ACTIVITY » Every line from the opening of the records to the line with "Zelenski en Roma" should be restated exactly, with both ends included and the pictures left out.

------------------------

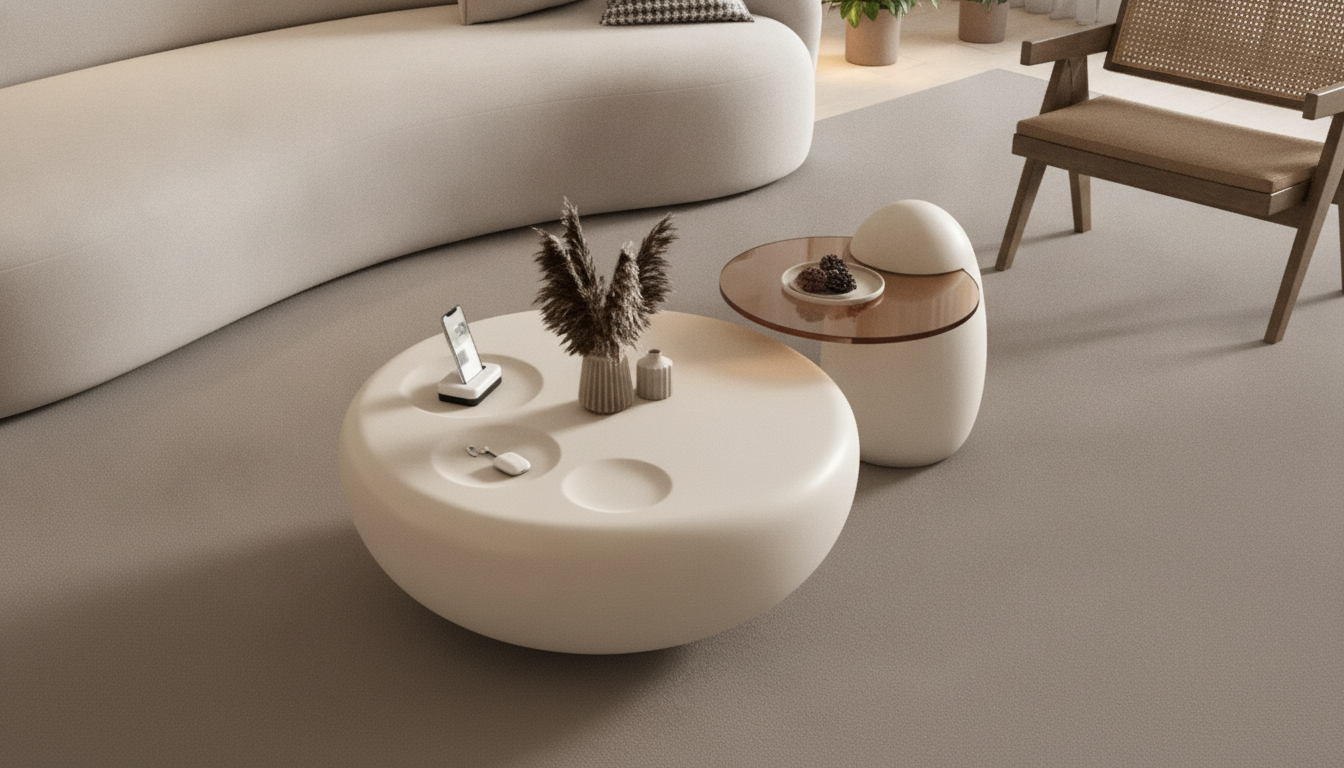 Modern Minimalist Round Coffee Table: Size, Style & Tips
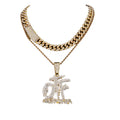 Men's Fashion Ice out Hip Hop Necklace Set with Diamond Pendant Alloy Chains Zircon Main Stone for Wedding Gift Fashion Jewelry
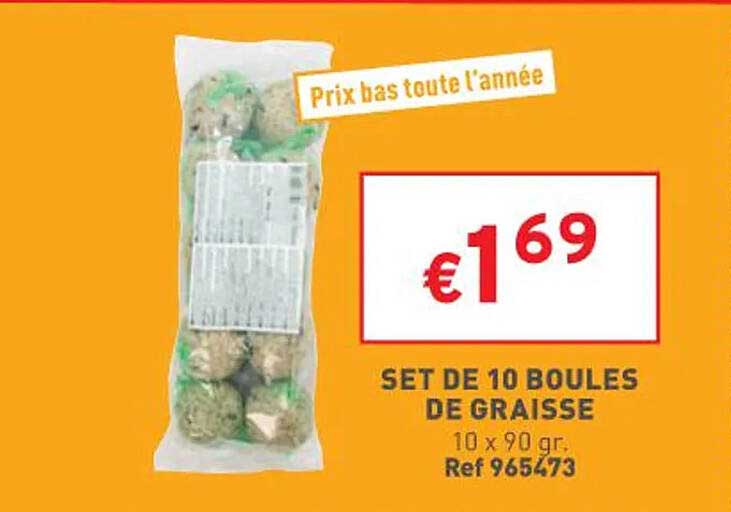 Set De 10 Boules De Graisse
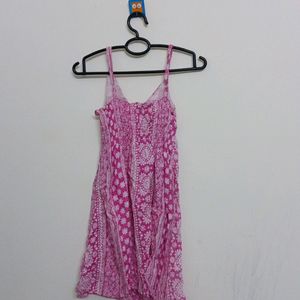 Deep Neck Cotton Dress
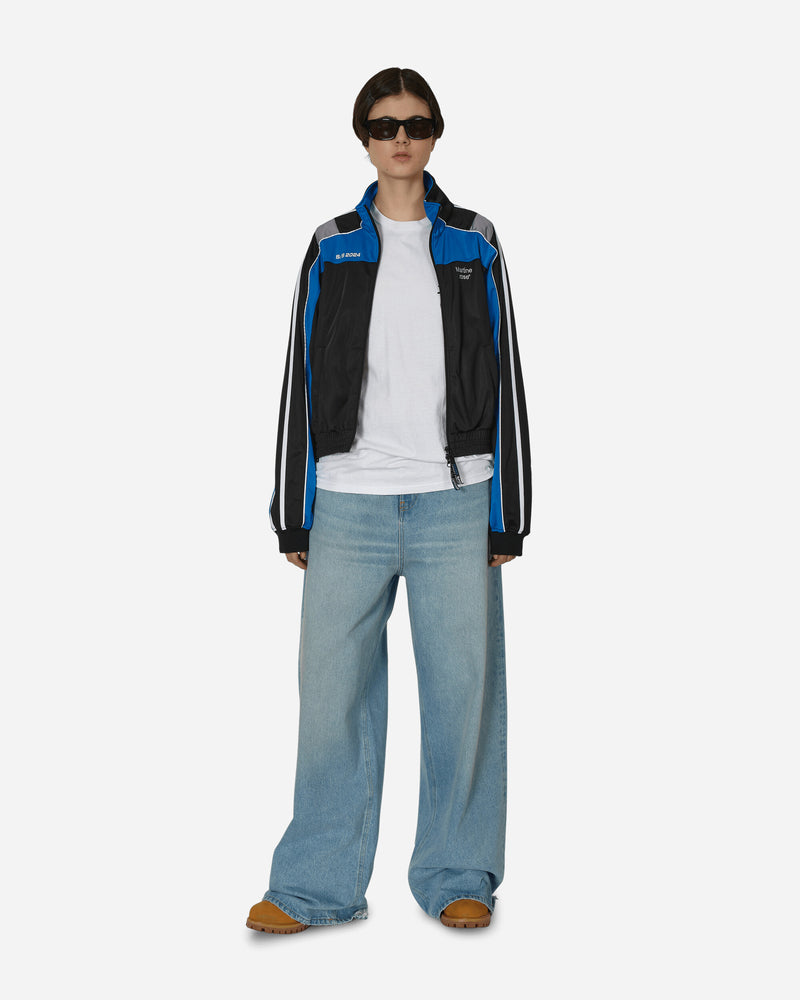 Martine Rose Shrunken Track Jacket Black/Blue Sweatshirts Track Tops MRSS24-137 BLBLGR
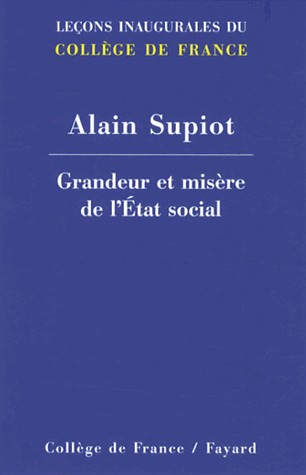 Grandeur et misère de l'Etat social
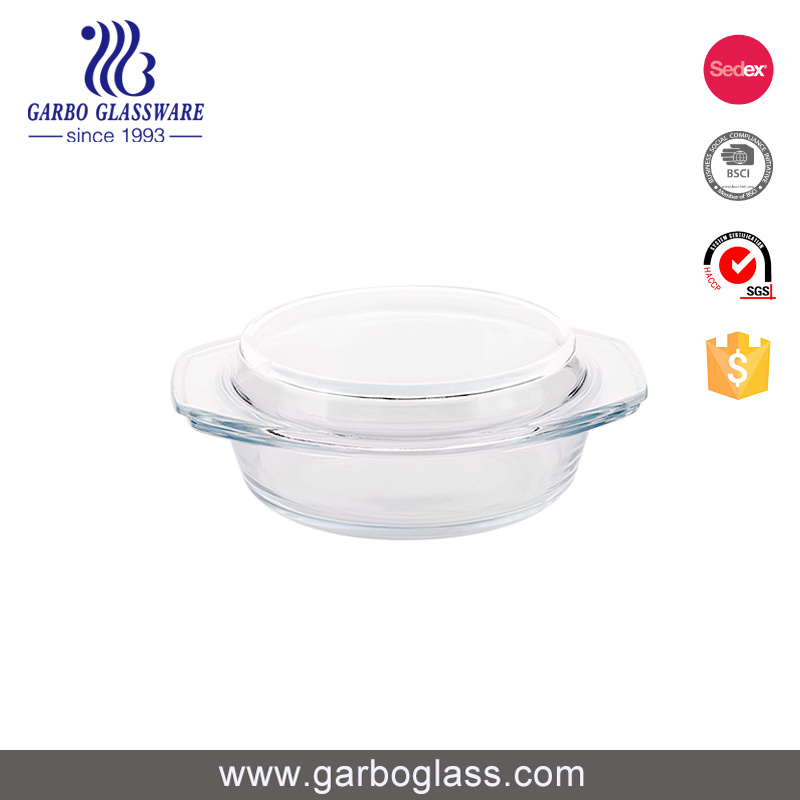 1L Glass Bowl with Lid for Daily Life (GB13G13220)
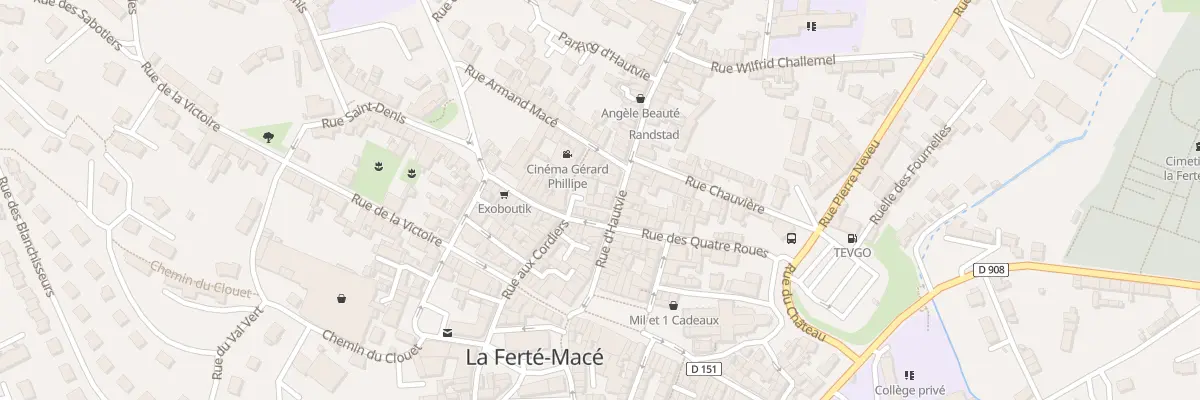 Plan du 27 Rue d’Hautvie à La Ferté Macé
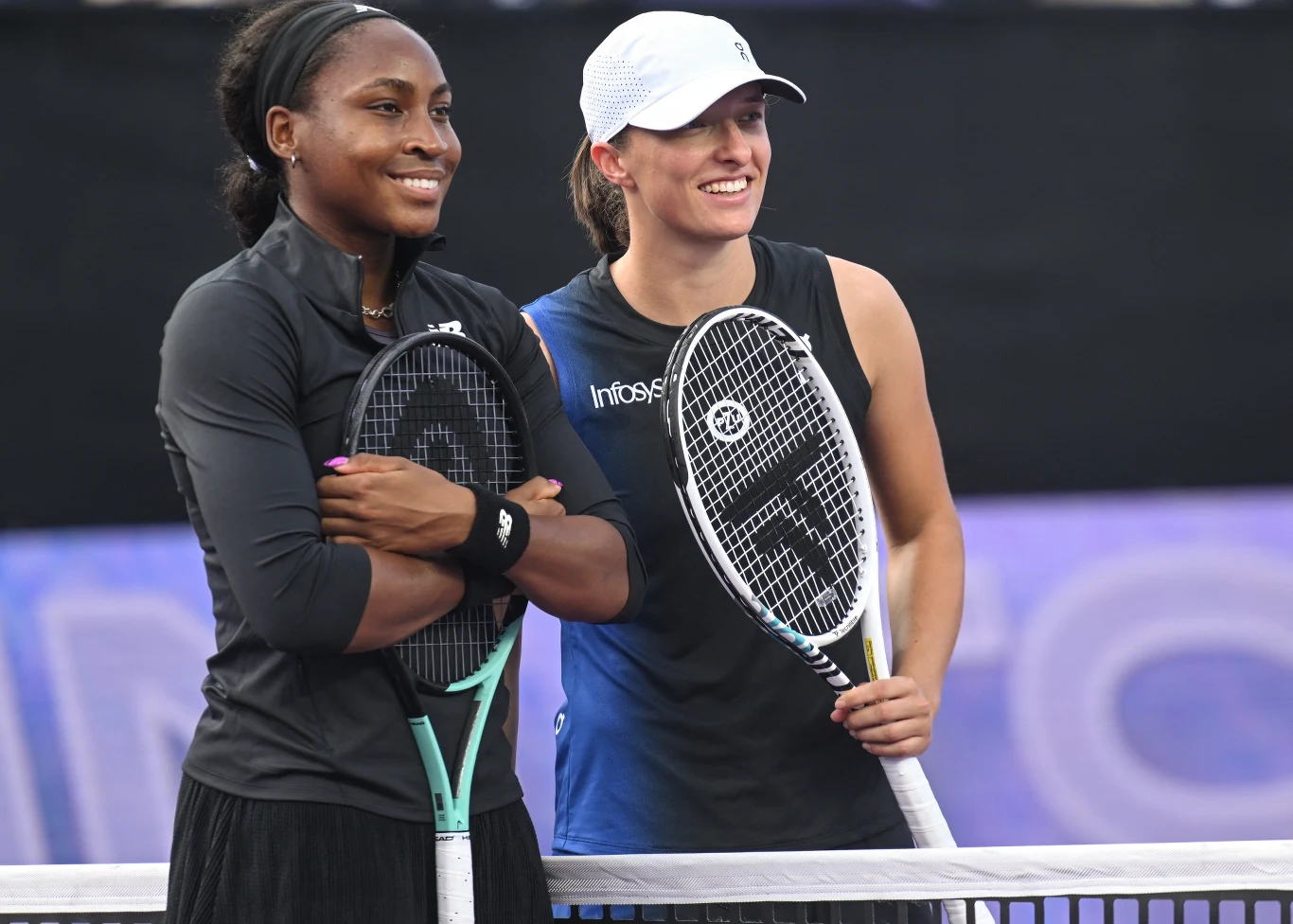 Coco Gauff i Iga Świątek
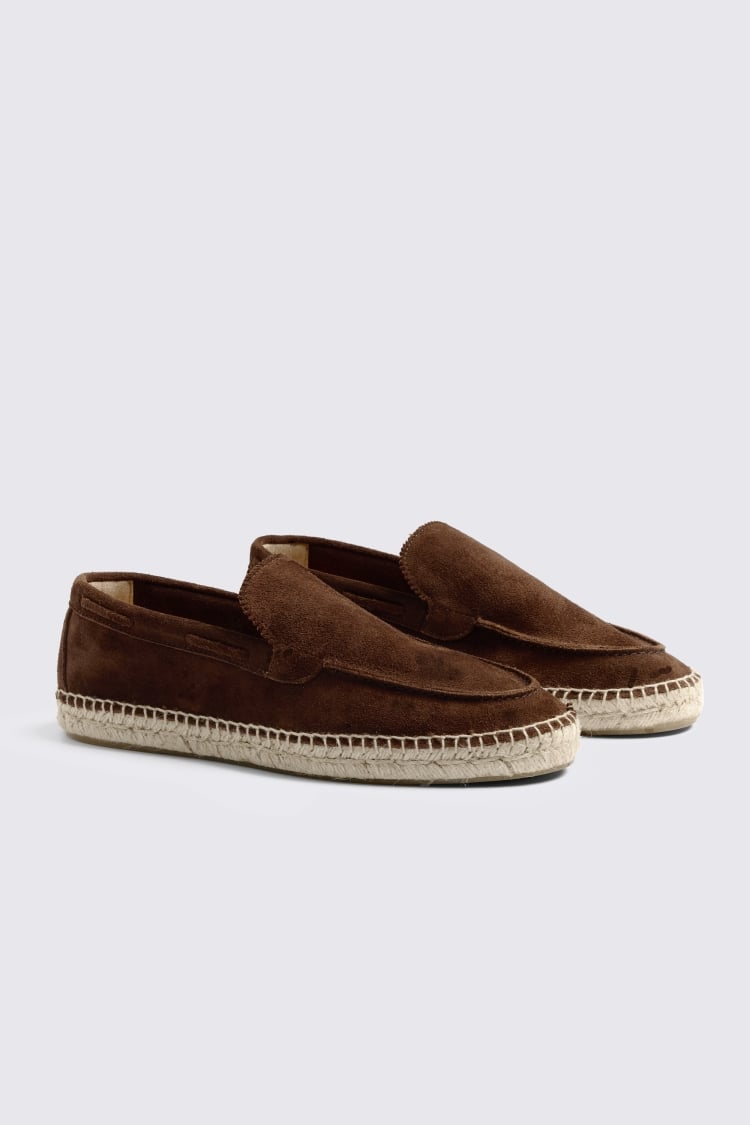 Spanish Suede Chocolate Espadrilles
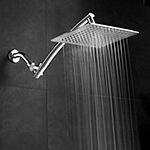 Razor™ Mega Size 9-inch Chrome Face Square Rainfall Shower with Arch Design 15-inch Stainless Steel Extension Arm / Premium Chrome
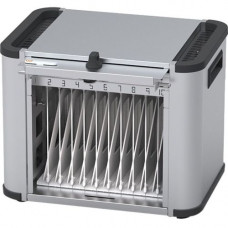 Bretford PureCharge Station 10 - 14.7" Height x 20.9" Width x 15" Depth - Steel - Platinum - TAA Compliance HGFQ2BG1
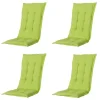 Madison - Tuinstoelkussen Hoge Rug Panama lime - Ca. 123x50 cm - Set van 4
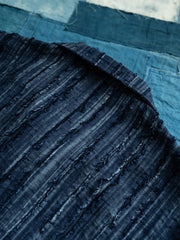 シェアードインディゴ風リラックスシャツ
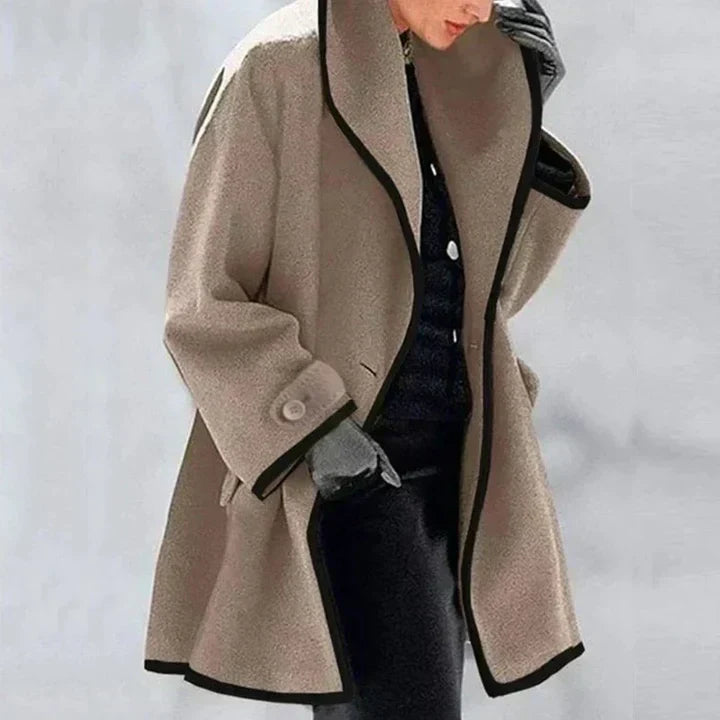 MOIRA | STYLISH DOUBLE-BREASTED WOOL COAT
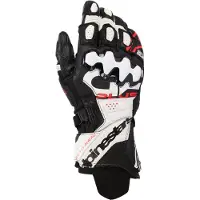 Alpinestars Gants En Cuir GP Plus R V3 Black White Red Fluo, Taille: XL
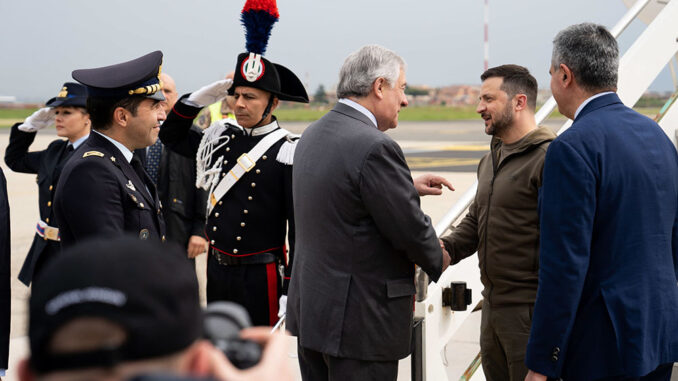 Zelenski en Roma
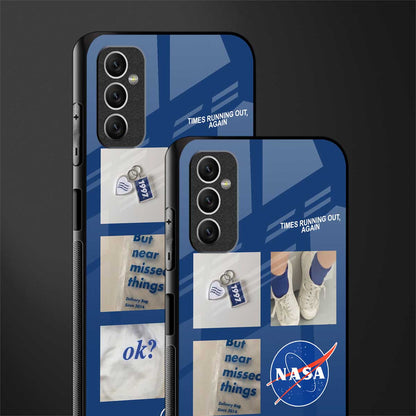 time is running out glass case for samsung galaxy m52 5g image-2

------------------------

WRITTEN RESPONSE »
 Modern Minimalist Round Coffee Table: Size, Style & Tips
 Men's Fashion Ice out Hip Hop Necklace Set with Diamond Pendant Alloy Chains Zircon Main Stone for Wedding Gift Fashion Jewelry
 Set De 10 Boules De Graisse
 Deep Neck Cotton Dress
 Martine Rose Shrunken Track Jacket Black/Blue Sweatshirts Track Tops MRSS24-137 BLBLGR
 Grandeur et misère de l'Etat social
 1L Glass Bowl with Lid for Daily Life (GB13G13220)
 Plan du 27 Rue d’Hautvie à La Ferté Macé
 Coco Gauff i Iga Świątek
 Spanish Suede Chocolate Espadrilles
 Razor™ Mega Size 9-inch Chrome Face Square Rainfall Shower with Arch Design 15-inch Stainless Steel Extension Arm / Premium Chrome
 Bretford PureCharge Station 10 - 14.7" Height x 20.9" Width x 15" Depth - Steel - Platinum - TAA Compliance HGFQ2BG1
 Madison - Tuinstoelkussen Hoge Rug Panama lime - Ca. 123x50 cm - Set van 4
 シェアードインディゴ風リラックスシャツ
 MOIRA | STYLISH DOUBLE-BREASTED WOOL COAT
 Alpinestars Gants En Cuir GP Plus R V3 Black White Red Fluo, Taille: XL
 Zelenski en Roma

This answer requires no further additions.